European Coordination Via Campesina | 2 May 2024

ECVC rejects free trade narrative of AGRIFISH council and demands market regulation and an end to FTAs to address root causes of farmers’ issues

Despite months of mobilisations across Europe, the Commissioner for Agriculture, Janusz Wojciechowski, and Agricultural Ministers in the Agriculture and Fisheries Council seem to have quickly forgotten the demands and issues of farmers. At the latest AGRIFISH meeting (29-30 April), representatives continued to push for export-oriented free trade policy, which for ECVC is incompatible with the main demand of the farmer protests: ensuring fair prices that cover production costs through market regulation. ECVC deplores this hypocrisy, in which European policy makers claim to be listening to farmers on the one hand, whilst in reality continuing to push a trade narrative that benefits large industrial actors at the expense of small- and medium-scale farmers who are trying to produce for the European market.
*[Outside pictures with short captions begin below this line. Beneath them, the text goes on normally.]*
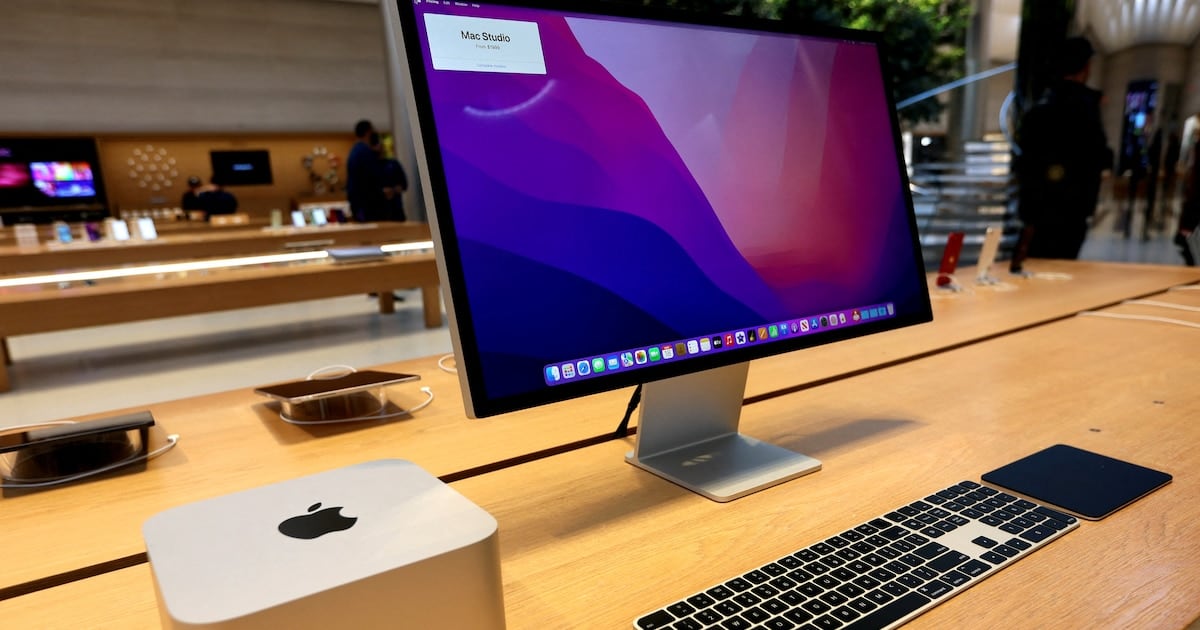¿Te quedaron cortos los 256 GB? Hay una llave para sacar hasta 12 GB de Apple Intelligence de tu Mac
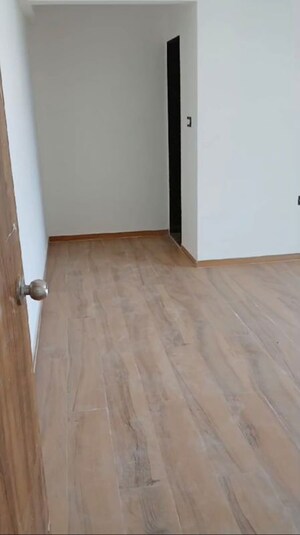 Living Room in 2 BHK Apartment at Chembur – for Rent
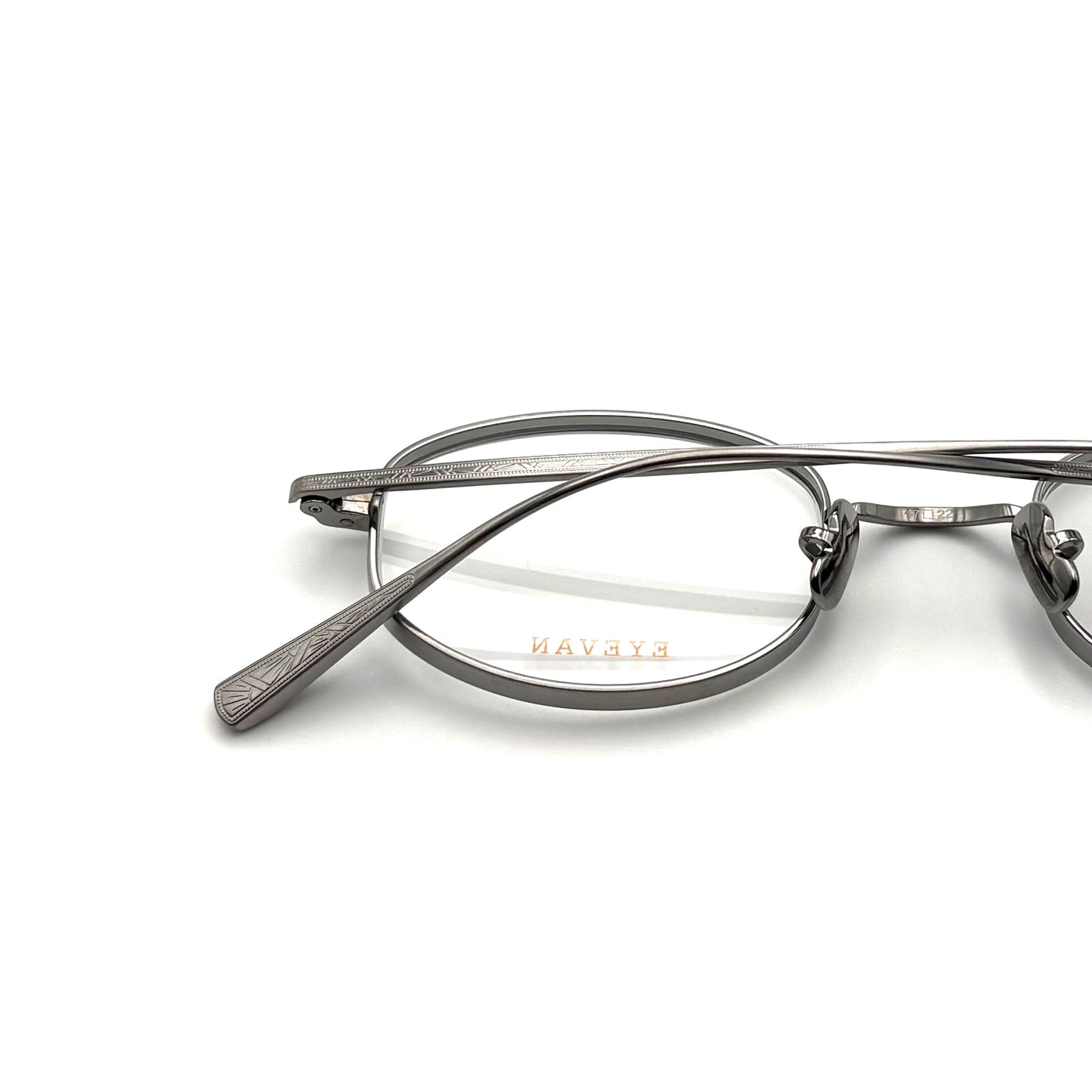 Eyevan Thompson 47 P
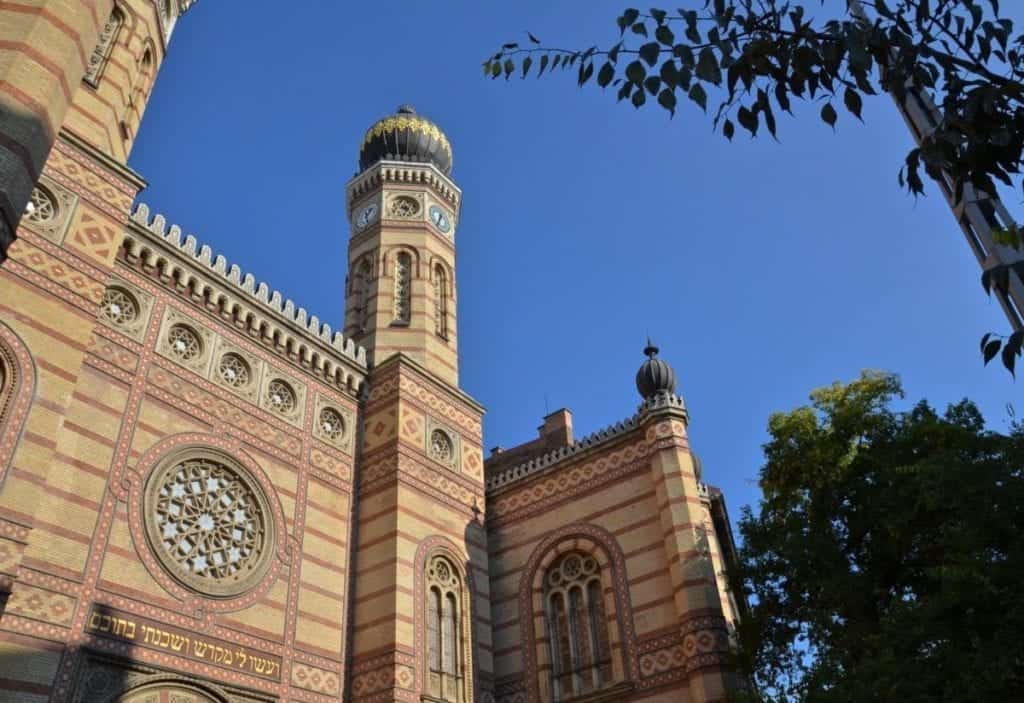Exterior view of the Dohรกny Street Great Synagogue.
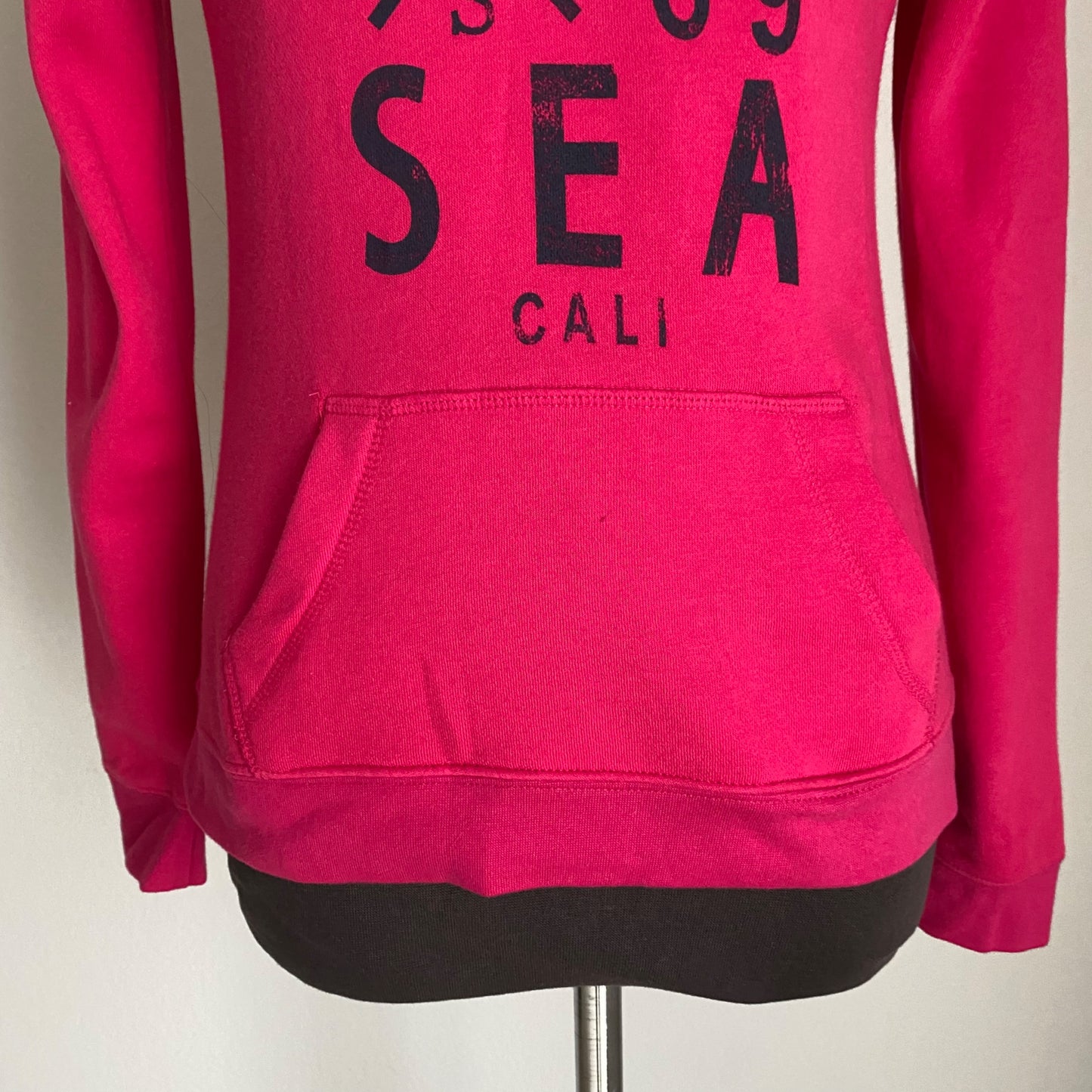 Gap sz XS Long sleeve hooded cotton V neck SUN SEA CALI sweatshirt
Despite reassurances that farmers’ concerns are being taken into account, members of the AGRIFISH council fail to recognise that it is big agri-businesses that profit from FTAs and the inclusion of agriculture in the WTO. The real impacts of free trade for the majority of farmers are being misrepresented in this space, as policy makers bend to the will of agribusiness lobbies. For farmers on the ground, FTAs and the WTO rules only serve to drive down prices as far as possible, with no regard for the costs to the wellbeing and health of farmers and citizens, nor the impact on climate and biodiversity.

For example, Commissioner Wojciechowski referred heavily to the JRC study on the cumulative economic impact of trade to stress the importance of trade and back up claims that “some agricultural sectors can benefit from the EU trade agenda”.

However, he failed to recognise the study’s purely economic approach, which does not take into consideration social and environmental aspects. It lacks a focus on the groups most affected by these free trade agreements - farmers and agricultural workers - and the specific impact on farmers has not been studied in depth and is not present in the findings. There was also no mention of the fact that, according to the report, producer prices in different sectors included in FTAs are negatively affected and EU data shows that current agricultural policies based on the WTO and FTAs have led to the loss of jobs in the agricultural sector.

The few concrete measures that have been introduced or proposed to address the root causes of farmers’ concerns (such as the price and costs observatory and the discussion on a potential revision of the UTP directive) cannot successfully be implemented within this free trade paradigm. The position of farmers will not improve if EU policy continues to force them to produce as cheaply as possible to compete on global markets.

Furthermore, faced with current climate and biodiversity crises, it is absurd and incoherent to see EU institutions insist that shipping food which could be produced locally from one side of the planet to the other is still a feasible way forward. This approach forces farmers to compete with each other and values producing as much as possible, as cheaply as possible, rather than aiming to reduce the environmental impact of the farming sector and transition to agroecological models that are sustainable and respect our finite natural resources.

The recently approved EU Critical Raw Materials Act (CRMA) and statements from decision makers related to the EU-Mercosur FTA negotiations show that in reality, instead of rethinking its consumption model, the EU is hungry for raw materials and is willing to do anything to get them: farmers, agricultural workers and local populations who defend their territories from environmental disasters linked to extractivism in Europe and elsewhere are simply second-class citizens whose rights do not count.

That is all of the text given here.